Could you restate the entries word for word, without the images?

SUPPLIED MATERIAL:
*** Begin section ***
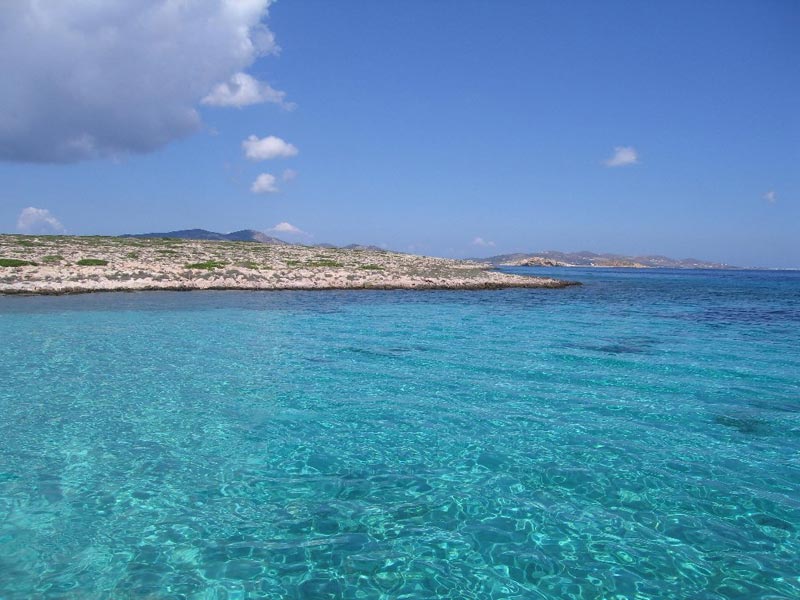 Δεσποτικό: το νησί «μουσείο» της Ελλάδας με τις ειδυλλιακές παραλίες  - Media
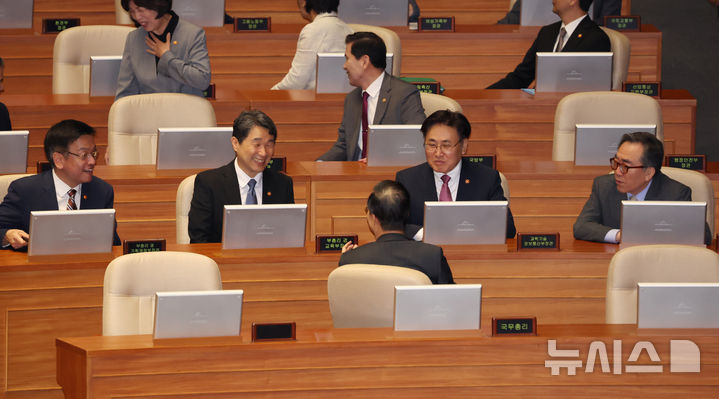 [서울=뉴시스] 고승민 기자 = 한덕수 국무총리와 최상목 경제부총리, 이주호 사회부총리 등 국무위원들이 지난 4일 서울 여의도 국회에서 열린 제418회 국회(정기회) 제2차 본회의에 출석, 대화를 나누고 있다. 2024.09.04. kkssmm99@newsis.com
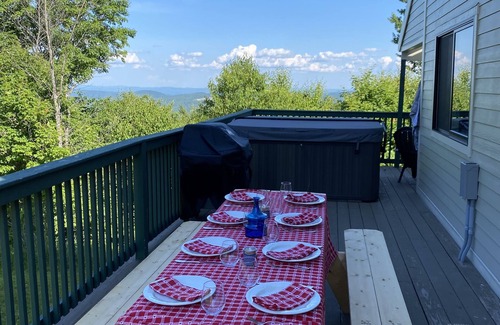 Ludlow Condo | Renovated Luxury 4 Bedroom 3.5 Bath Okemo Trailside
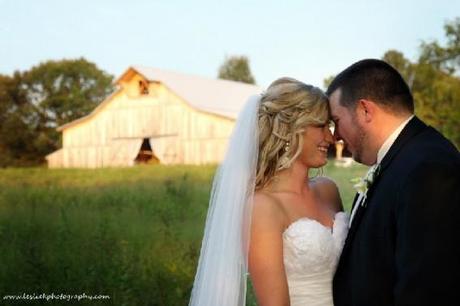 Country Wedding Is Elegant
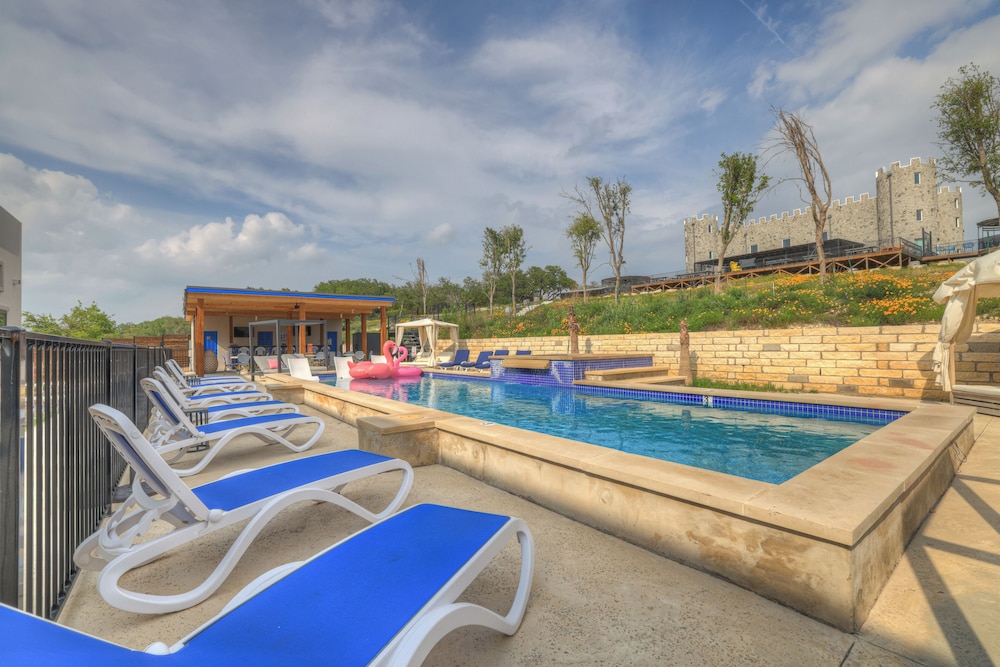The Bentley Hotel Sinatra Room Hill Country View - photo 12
*** End section ***
WRITTEN ANSWER:
 Δεσποτικό: το νησί «μουσείο» της Ελλάδας με τις ειδυλλιακές παραλίες  - Media
 [서울=뉴시스] 고승민 기자 = 한덕수 국무총리와 최상목 경제부총리, 이주호 사회부총리 등 국무위원들이 지난 4일 서울 여의도 국회에서 열린 제418회 국회(정기회) 제2차 본회의에 출석, 대화를 나누고 있다. 2024.09.04. kkssmm99@newsis.com
 Ludlow Condo | Renovated Luxury 4 Bedroom 3.5 Bath Okemo Trailside
 Country Wedding Is Elegant
The Bentley Hotel Sinatra Room Hill Country View - photo 12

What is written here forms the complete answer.